No meio disto, que é o verdadeiramente
importante e urgente de combater pela sociedade pela perversão evidenciada, o
episódio vivido pelo ministro Eduardo Cabrita durante duas semanas, para lá da
tragédia de uma vida humana ter sido ceifada, parece risível. Porque o grave
politicamente foi o membro do Governo nada ter dito durante duas semanas, não
ter tido um gesto de humanidade com a família enlutada, o que fez crescer a
indignação e pedir-se uma remodelação ministerial para a qual António Costa não
estava inclinado.
Ver que o BMW que transportava o ministro
pertencia a um traficante de droga, que a sua sogra paga 500 euros por mês de
prestação pela viatura e que o dito traficante quer o carro de volta e uma
indemnização é apenas um sinal dos dias de caricatura que vivemos.
Portugal parece há muito tempo emaranhado
num teatro do absurdo, com protagonistas ridículos, situações grotescas
inesperadas e umas elites medíocres e incultas que atolaram o país num pântano
de falta de vergonha. Lembro-me sempre da peça do dramaturgo Eugène Ionesco,
expoente máximo desse “teatro do absurdo”, O Rinoceronte.
Em França, numa vila pacata e esquecida,
surge um rinoceronte que tal como surgiu desaparece do nada. A seguir volta de
novo e desaparece e os habitantes ficam a discutir se o paquiderme tinha um
corno ou dois. Depois os rinocerontes multiplicam-se e é a população que é
vítima de uma metamorfose e se transforma em rinocerontes.

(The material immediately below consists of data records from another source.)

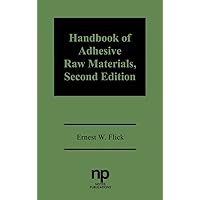 Handbook of Adhesive Raw Materials Handbook of Adhesive Raw Materials Hardcover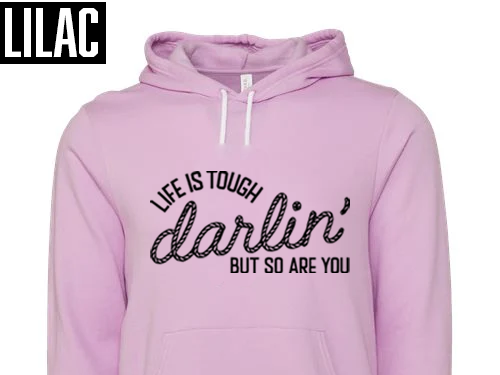 Life is Tough Darlin' Hoodie
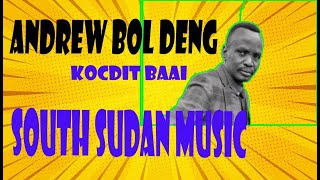 SOUTH SUDAN MUSIC~ANDREW BOL DENG~KOCDIT BAAI.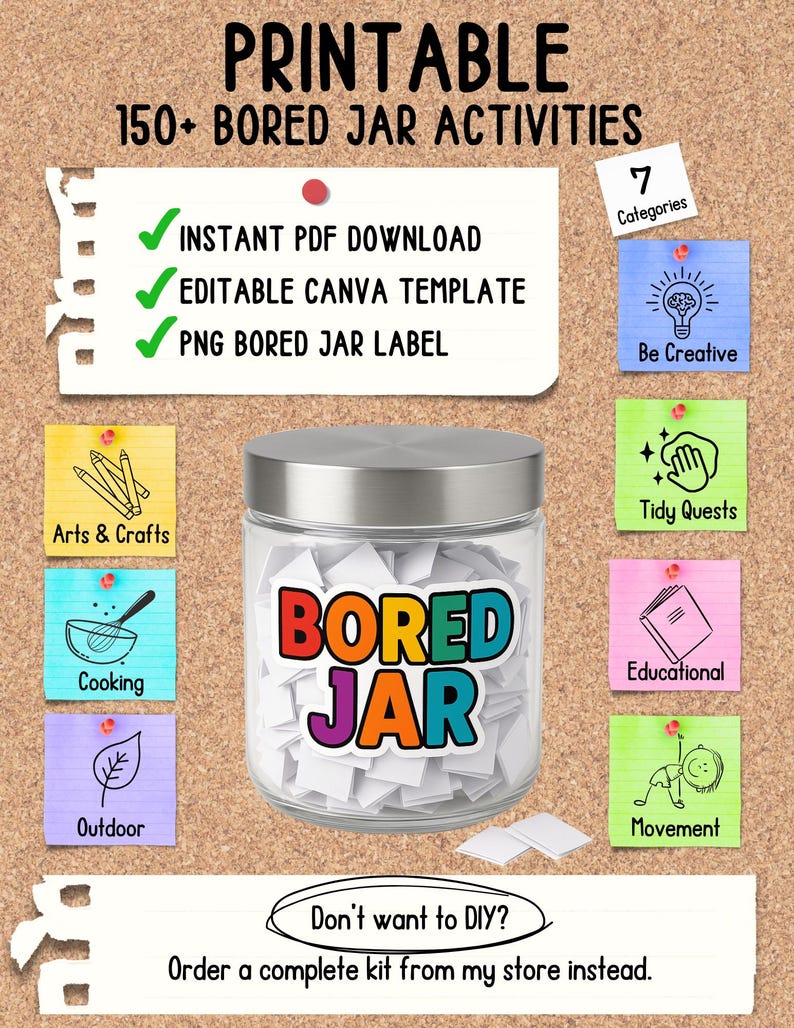 May include: A printable Bored Jar kit with over 150 activities. The image shows a glass jar labelled "Bored Jar" filled with white slips of paper. Includes instant PDF download, editable Canva template, and a PNG label. Categories include Arts & Crafts, Cooking, and Outdoor.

Ora, em Portugal, não podemos
transformar-nos em rinocerontes, ir na onda dos prevaricadores, dos vigaristas.
Não podemos permitir que a impunidade se instale e que se perca a vergonha.
Berardo, Vieira, mas também tantos outros a quem falta um banho de cadeia e
continuam a andar por aí, são a prova de que, passe a presunção de inocência,
os pilantras só podem dormir na prisão.